### TASK
Return nothing but the lines from the one with "Business Suit Bliss: Shots" through the one with "Lot de 11 vêtements" in the data below, word for word and without pictures.

### MATERIAL FOR THIS TASK
⟨
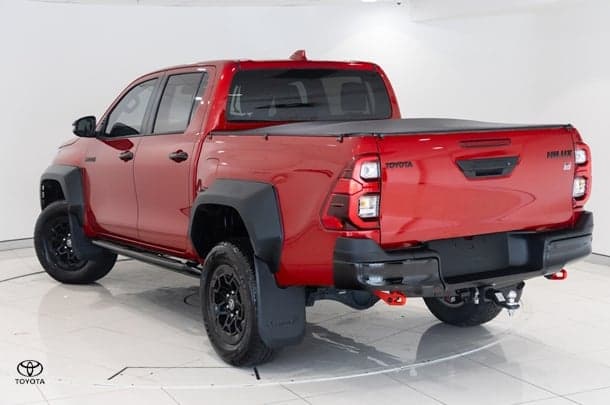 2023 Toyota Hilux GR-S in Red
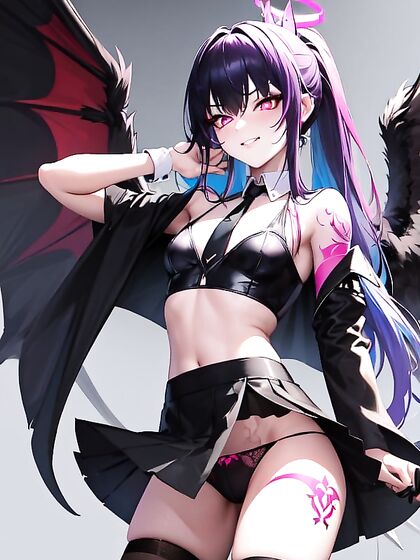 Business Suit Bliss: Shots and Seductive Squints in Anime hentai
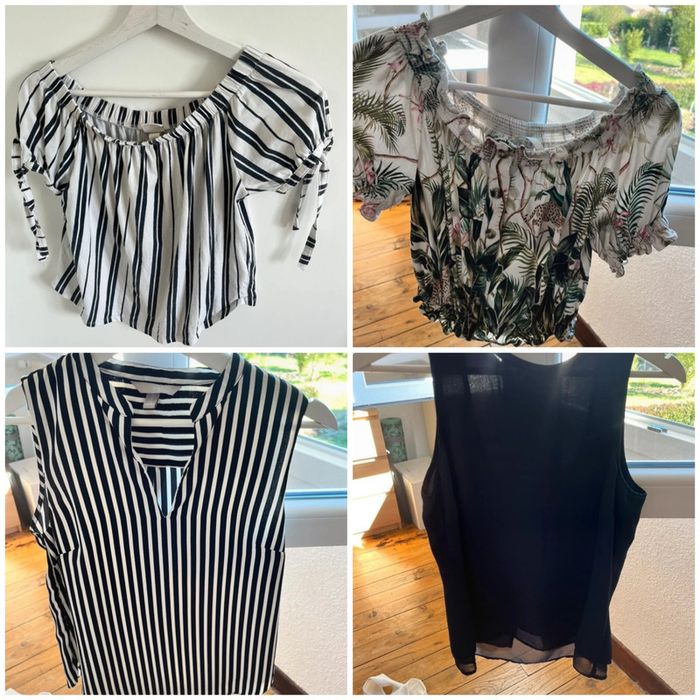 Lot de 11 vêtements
⟩
⟨
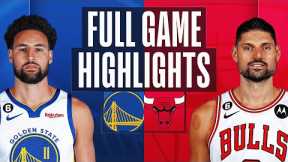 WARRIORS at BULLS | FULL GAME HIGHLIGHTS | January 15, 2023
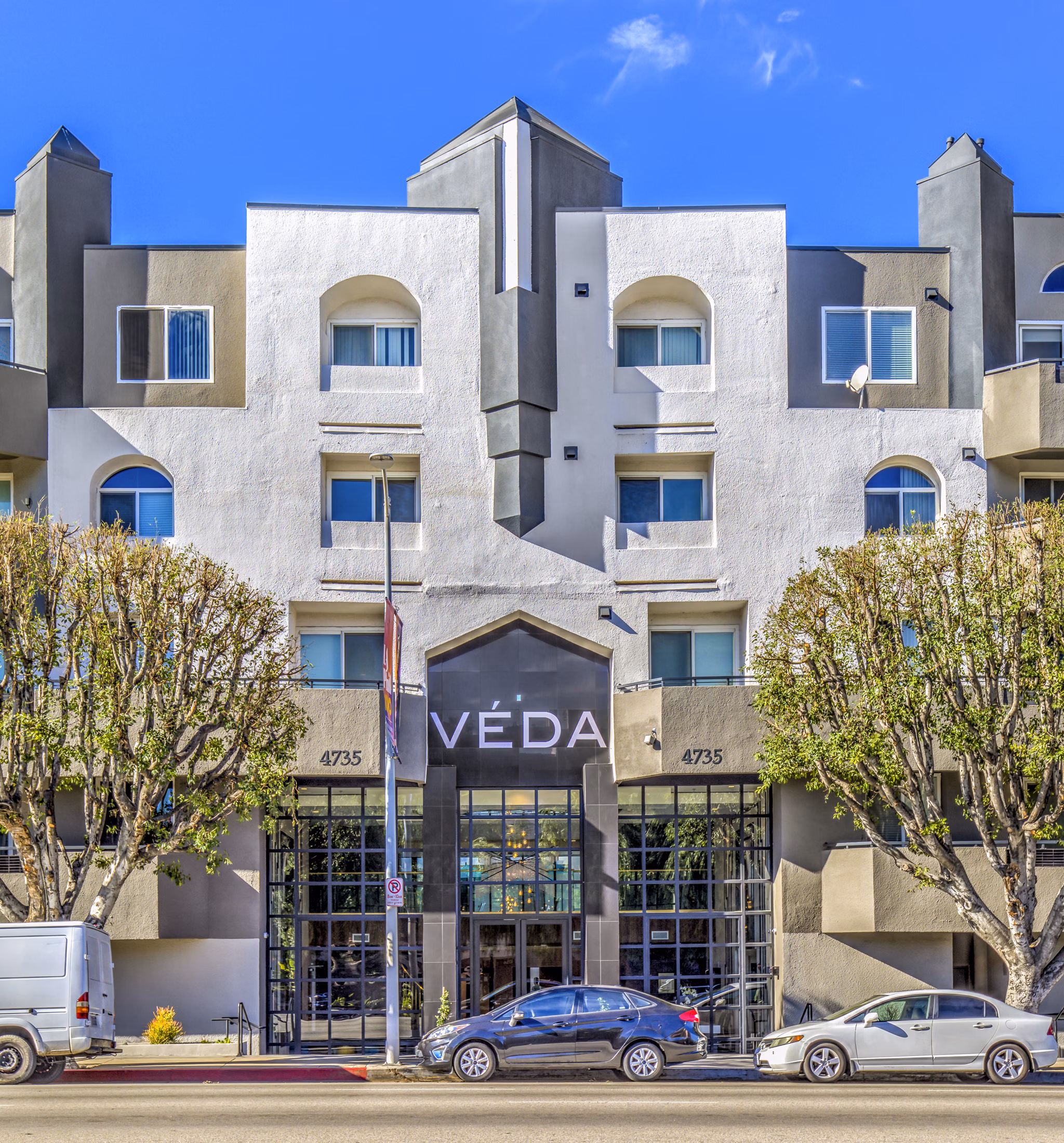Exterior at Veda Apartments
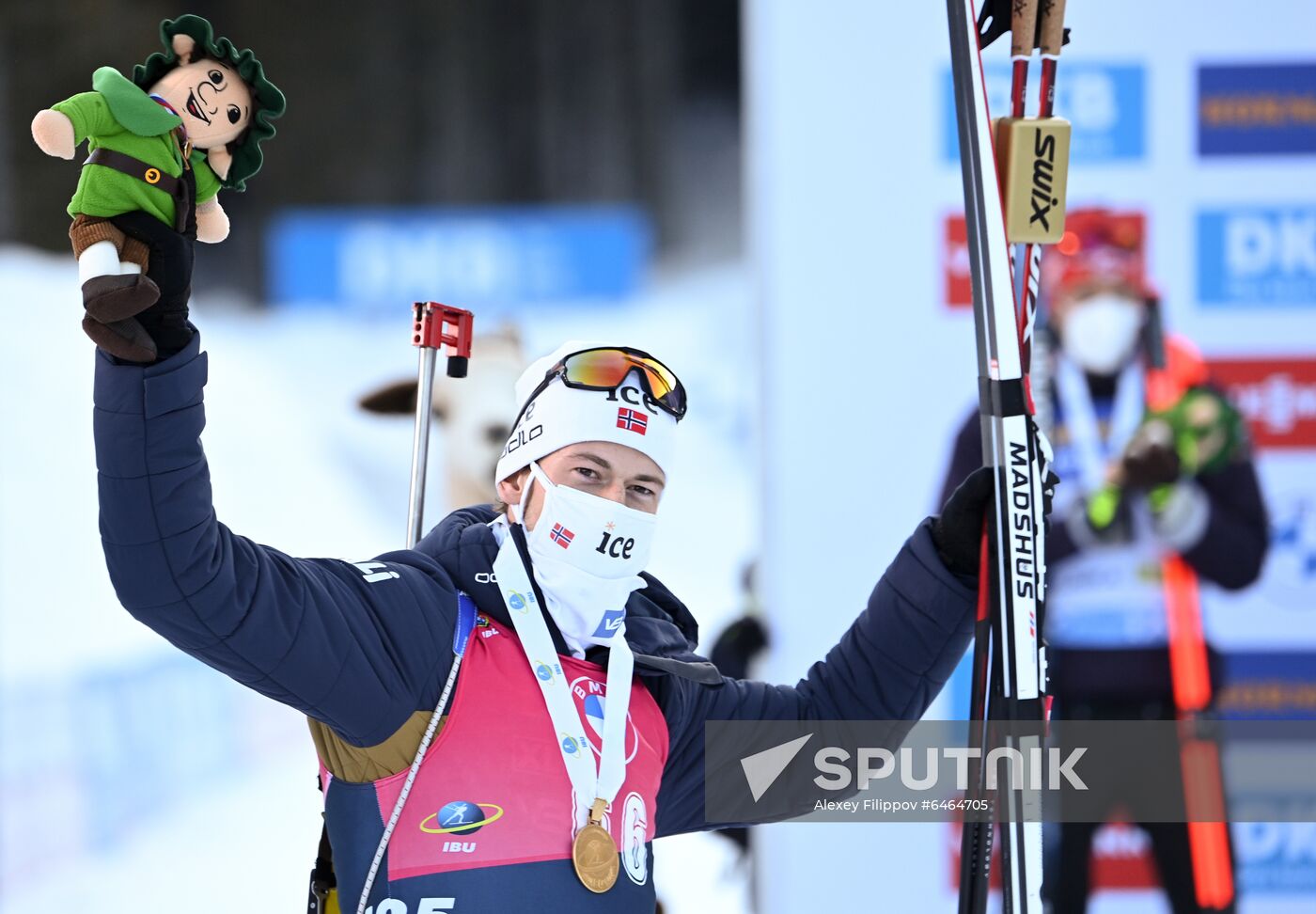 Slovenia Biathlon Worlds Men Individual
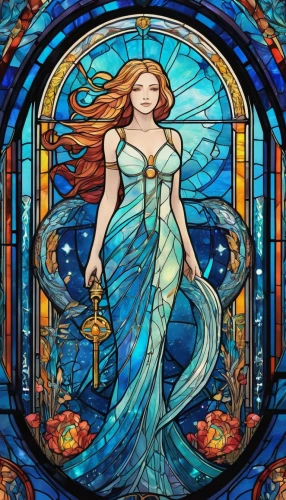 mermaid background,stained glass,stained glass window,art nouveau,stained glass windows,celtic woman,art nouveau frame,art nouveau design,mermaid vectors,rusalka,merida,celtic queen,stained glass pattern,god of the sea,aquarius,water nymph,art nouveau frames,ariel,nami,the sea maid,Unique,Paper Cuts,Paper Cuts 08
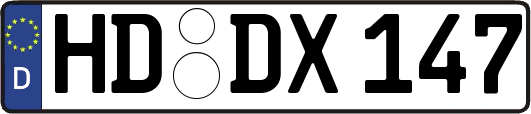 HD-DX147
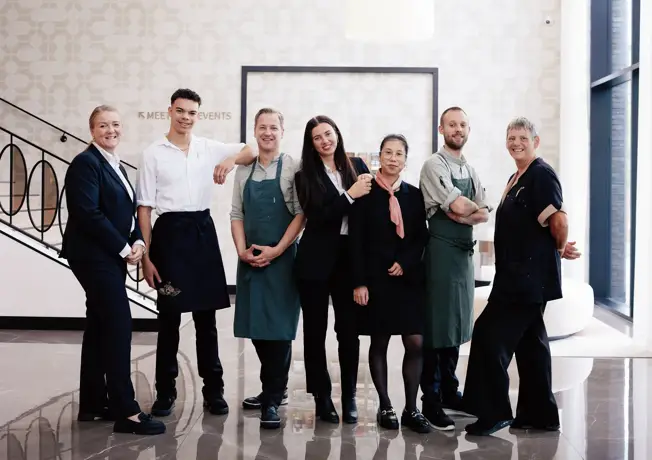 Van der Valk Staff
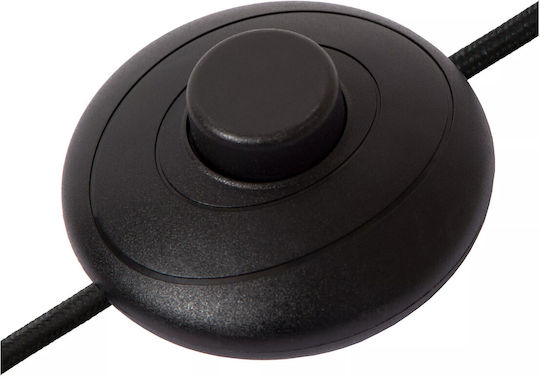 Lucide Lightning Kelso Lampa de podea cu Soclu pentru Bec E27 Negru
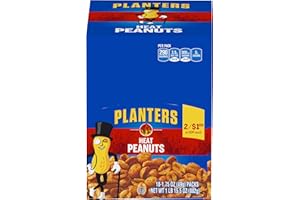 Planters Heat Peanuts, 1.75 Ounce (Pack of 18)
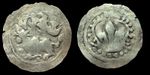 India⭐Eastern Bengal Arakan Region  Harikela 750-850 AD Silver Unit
⟩
⟨
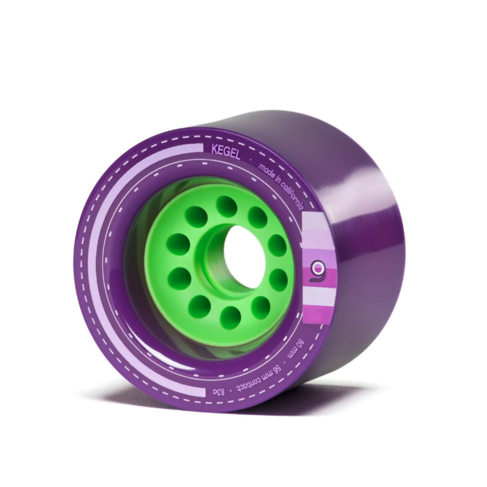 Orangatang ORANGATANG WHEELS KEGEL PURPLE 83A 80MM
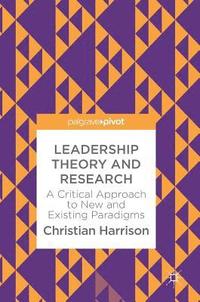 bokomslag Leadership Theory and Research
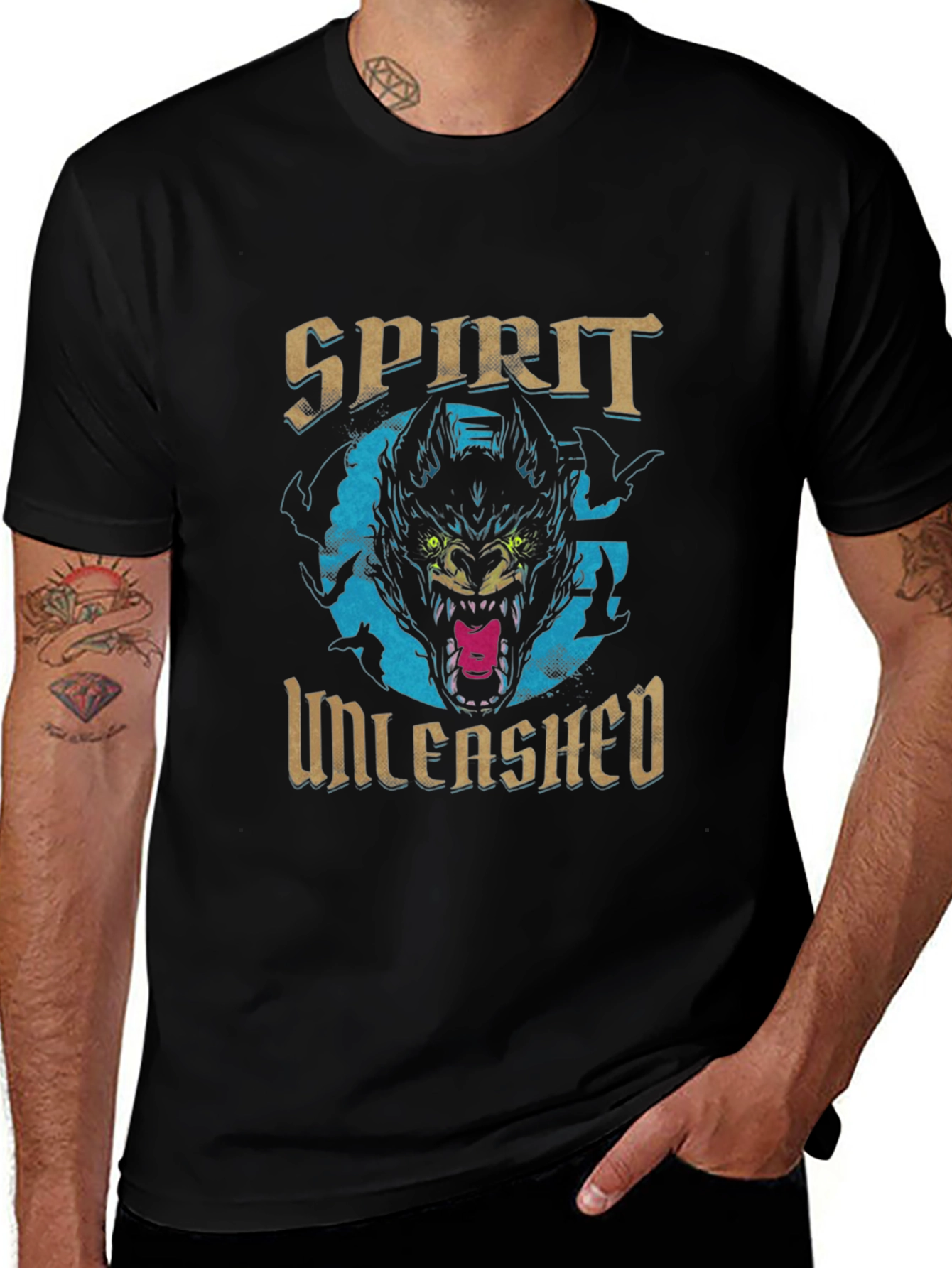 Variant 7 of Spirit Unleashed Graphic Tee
⟩
### RESULT OF THIS EXERCISE
 Business Suit Bliss: Shots and Seductive Squints in Anime hentai
 Lot de 11 vêtements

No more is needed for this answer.